Butchering a sheep was done with a rope; he’d tie two back legs and one front leg and put his fingers up the animal’s nose, then he’d pull its head back and cut its throat, tip
it up to get the blood out and gut it and skin it. It was quick and considerate and, despite what people might think, my father taught me to respect life and to do what was needed to be done
without getting all sentimental over it. During and after the war, when there was rationing, he’d go round the farms and I’d keep watch while he slaughtered and butchered black-market
animals that the farmers hadn’t declared to the ministry men. He’d be paid sometimes with money and other times with meat.

One time he killed a pig for a farmer and carried it a mile and a half on his shoulders back to the slaughterhouse and went to hang it up, but there was a woman already hanging there on the
hook. She’d killed herself. The old man dropped the pig and cut her down and checked she was dead and went to get her husband. Nobody knew why she did it, apart from her husband being a
miserable bastard and maybe she just couldn’t stick living with him no longer.

So I knew a bit about death and animals right from an early age. All kinds of animals, including dogs. And dogs to me is for working, not for pets. If a dog can’t earn its keep it needs to
go. Better to shoot it than ill-treat it or turn it out to starve to death like some does. Shooting’s more humane than taking a dog to the vets – it’s quicker and the dog
don’t know what’s coming until it’s over. You take a dog to the vet and it knows something bad’s going to happen. It gets to fretting long before the injection kills it. So
there’s no use saying to me I got no appreciation of animals. It ain’t true – I got more than you!

But this book ain’t about domestic animals, nor farm animals neither. It’s about wild animals and the kinship between a poacher like me and the creatures that live and roam wild in
this country we calls ours.

The village where I grew up was a small place before people spilled out here from Bristol and other towns besides. It was just one street and butts for archery surrounded by land –
farmland and big estates belonging to the aristocracy, earls and lords and dukes and the like. There was no television back in my boyhood days, just newspapers and radio, and I could tell whose
horse it was by the sound of the hooves coming down the street.

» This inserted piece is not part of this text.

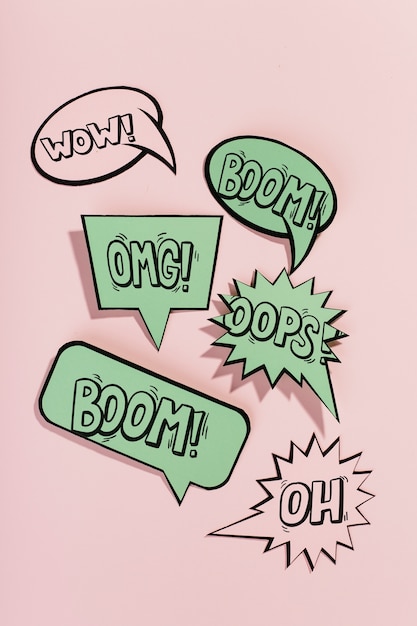 Mockup collection of speech bubbles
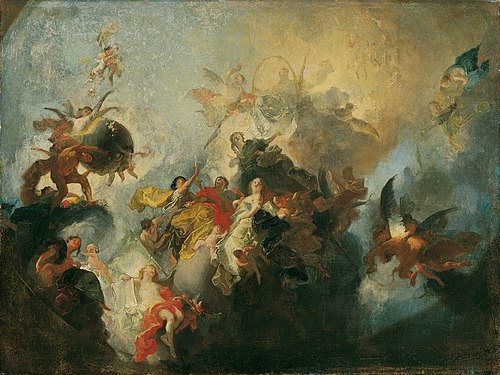 Divine Providence and Virtues, 1765, Franz Anton Maulbertsch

We had a Christmas party in the village hall every year and all the children got a little present, along with jelly and ice cream. And celebrating on Saint Stephen’s Day with a wren
dangling from a stick and the lads dressed like Morris men and calling and carousing with a dance and a dingle and a little jingle or two:

I followed the wren three miles or more,

Three miles or more, three miles or more.

I followed the wren three miles or more

At six o’clock in the morning.

Up with the kettle and down with the pan

And give us a penny to bury the wren.

They’d be waving a bunch of bee nettles and blind-eyes and creeping jinny. And the robin would whistle-call to its little chicks in the snow and the grown-ups had bellies
full of whisky and warm feelings.

Everybody knew everybody else and there were village fêtes in summer and outings to the seaside and fairs and sporting days, and nothing much changed for years and years. But it’s
all gone now, except for the odd memory and melancholy.